5°) Mettre en œuvre la réforme de façon progressive pour en garantir le succès et éviter toute injustice.
Dans le contexte actuel, une révision trop brutale de la géographie n’aurait aucune chance d’aboutir. Les propositions de la mission visent donc à une « remise à plat » de l’intervention de l’Etat au titre de la politique de la ville.

A/ Pour garantir l’acceptation de la réforme, il nous paraît indispensable que :
- les mesures actuellement en cours soient garanties jusqu’à leur terme (exemple des exonérations dans les ZFU, des mesures liées à la rénovation urbaine qui ne doivent pas disparaître du simple fait de la suppression des ZUS) ;
- les mesures liées aux ZUS s’éteignent  de manière progressive (exemple de certains dispositifs en faveur des bailleurs sociaux, comme l’exonération de taxe foncière sur les propriétés bâties).

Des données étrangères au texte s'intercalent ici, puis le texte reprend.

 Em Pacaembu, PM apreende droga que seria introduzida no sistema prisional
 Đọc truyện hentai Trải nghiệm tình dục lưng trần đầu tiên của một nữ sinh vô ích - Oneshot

B/ Plus précisément, en termes de mise en œuvre :
- le gouvernement devra conduire des expertises pour tirer toutes les conséquences au plans juridique et financier de la sortie du zonage et mettre en place des mécanismes d’adaptation satisfaisants ;
- les dispositifs devront évoluer dans le sens d’une activation des dépenses en insistant tout particulièrement sur la responsabilisation (en termes de contreparties) de leurs bénéficiaires. Le contrat est plus adapté que le zonage pour atteindre cet objectif.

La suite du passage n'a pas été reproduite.